With any website, optimization is key to improve the experience each page gives to the user. Optimization shows which components of each page lead to higher conversion rates, and split tests are an excellent method of learning which changes should be made to better the user experience, while simultaneously increasing conversion rates.
Optimization can be done in a number of ways, however there are some key elements that can implemented to get the most out of any split test, which in turn will lead to a more successful optimization campaign.
Prior to beginning an optimization campaign, there are a number of applications that will be necessary in order to start in the right direction. These include:
- Google Analytics (or another analytics application)
- Testing software (Optimizely, VWO, etc.)
- Qualitative applications (CrazyEgg, UsabilityHub, etc.)
- Test duration and test significance calculator
Each of these tools plays an integral part in A/B split testing, as they collect and show the necessary data to get an idea of how the website performs, as well as what can be fixed.

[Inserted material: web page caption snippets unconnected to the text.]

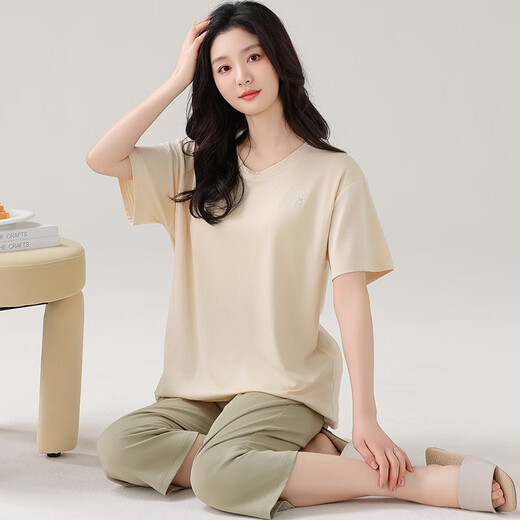 雅鹿莫代尔睡衣女夏加肥加大码短袖七分裤夏天薄款宽松套头家居服套装 XP-7027 M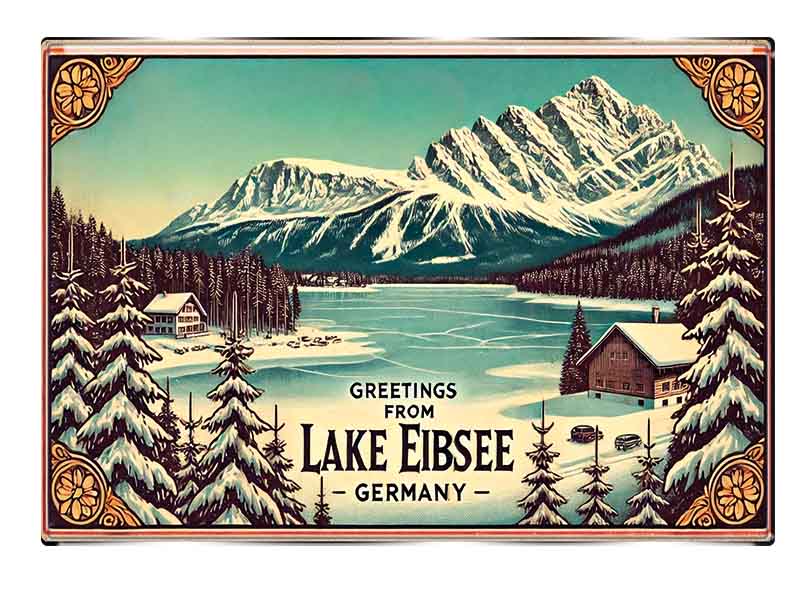 Souvenir Foto Magnet rechteckig Eibsee 8x5,5cm
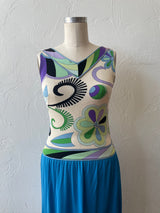 Vintage Emilio Pucci Floral Silk Jersey Knit Dress S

While some of these tools could be considered optional, it is an absolute must that all optimization campaigns utilize Google Analytics (or another analytics tool) in order to obtain basic performance data about the site.
Analytics tools form the foundation of any successful optimization campaign, however the other tools listed are necessary to get the most out of split testing. Tools such as Visual Website Optimizer (VWO) allow users to track conversions on their website, as well as test significant data, making it highly useful to optimization campaigns. In addition, a qualitative tool such as CrazyEgg can be used to track clicks and create a heatmap of the site, which can provide for very useful optimization data.

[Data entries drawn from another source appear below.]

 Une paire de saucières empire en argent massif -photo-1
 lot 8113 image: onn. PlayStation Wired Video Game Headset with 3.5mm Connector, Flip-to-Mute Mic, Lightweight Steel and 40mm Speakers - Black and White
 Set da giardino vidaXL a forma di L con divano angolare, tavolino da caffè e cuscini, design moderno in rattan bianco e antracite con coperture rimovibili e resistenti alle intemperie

Once the proper tools have been collected, split testing requires that certain research be done before any tests begin. Research is collected and evaluated to create a valuable test that will provide useful information, whatever the outcome may be.
Collecting research for an A/B split test involves a number of steps that, if followed, will result in a hypothesis that can be used as the foundation for the test itself:
- Identify pages which are in need of testing.
- Incorporate the use of heatmaps and other qualitative data to get a basic understanding of what works and what doesn’t.
- Decide which key performance indicators (KPI) should be tested.
- Determine the timeline of the test period.
- Create a hypothesis that will be used to create the test itself.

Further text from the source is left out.